* Prompt *
Each line of the material must be reproduced exactly; pictures stay out.

* Records provided *
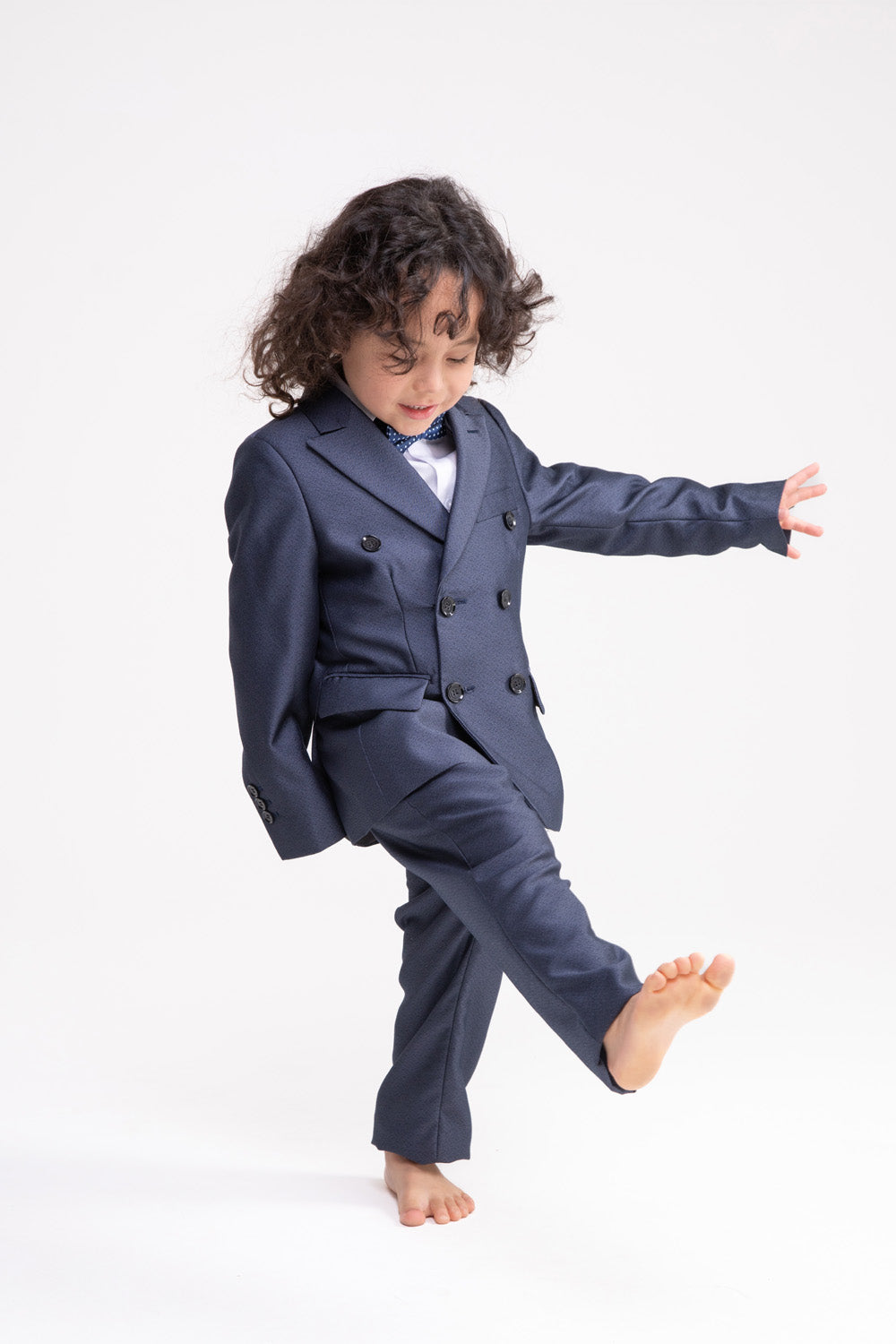 Dark Blue Suit Set with Vest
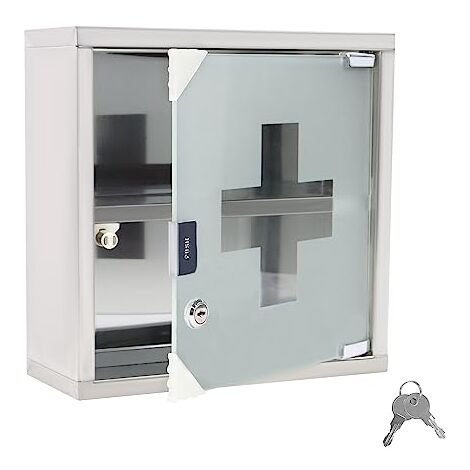Armoire à Pharmacie Verrouillable En Acier Inoxydable | 2 Compartiments, Porte En Verre | 30x30x12 Cm | Pour Maison, Bureau, écoles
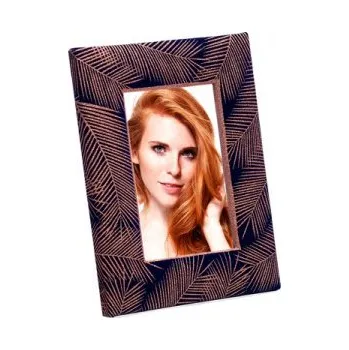 Rám na obraz Fotorámeček 10x15 LOTUS tm. modrý kph 1514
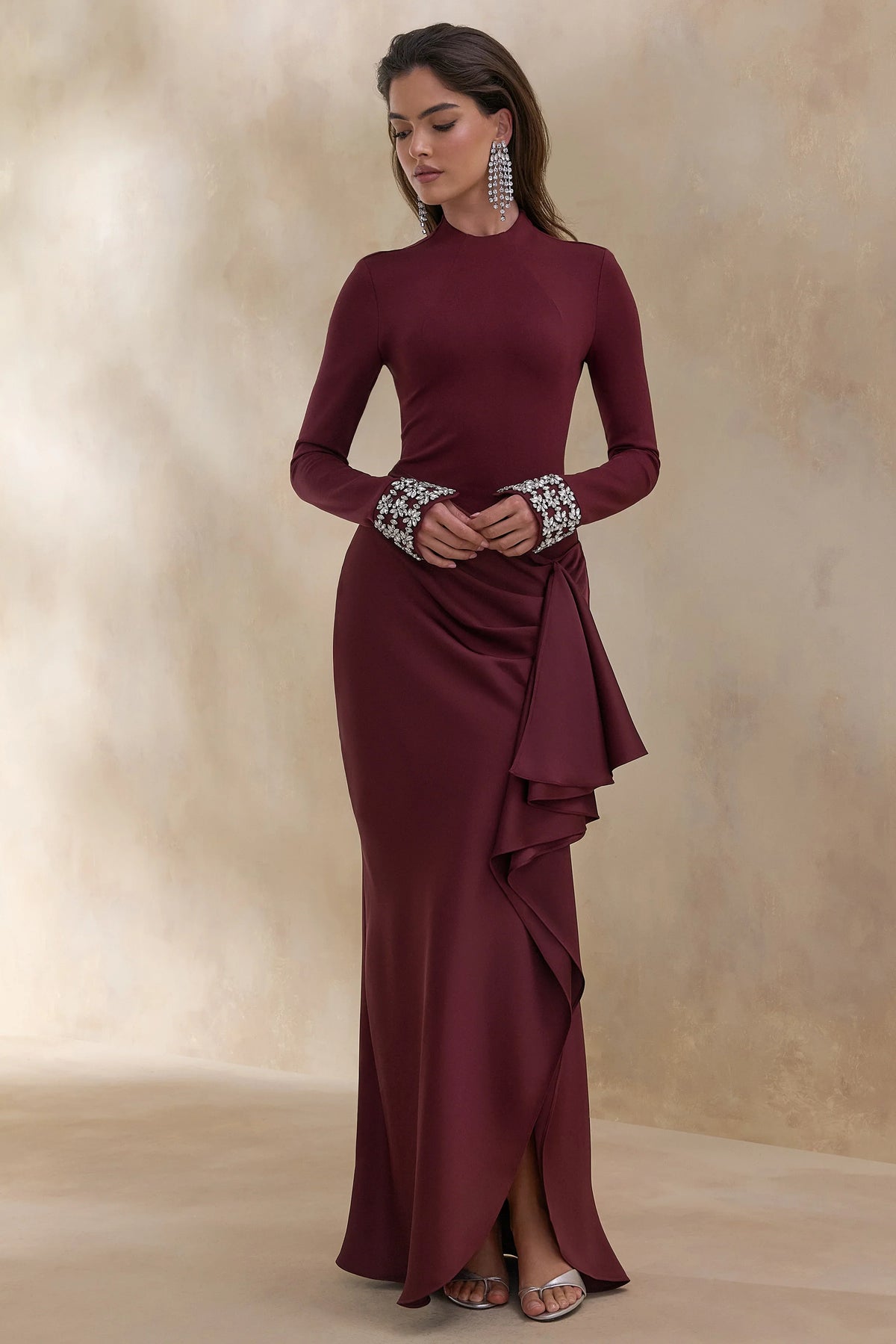 Starred | Burgundy Crew-Neck Maxi Dress With Drop-Waist And Satin Wrap-Skirt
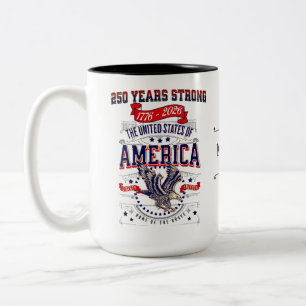 Anpassad patriotisk amerikansk 250-årsjubileum Två-Tonad mugg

* Answer for the task *
 Dark Blue Suit Set with Vest
Armoire à Pharmacie Verrouillable En Acier Inoxydable | 2 Compartiments, Porte En Verre | 30x30x12 Cm | Pour Maison, Bureau, écoles
 Rám na obraz Fotorámeček 10x15 LOTUS tm. modrý kph 1514
 Starred | Burgundy Crew-Neck Maxi Dress With Drop-Waist And Satin Wrap-Skirt
 Anpassad patriotisk amerikansk 250-årsjubileum Två-Tonad mugg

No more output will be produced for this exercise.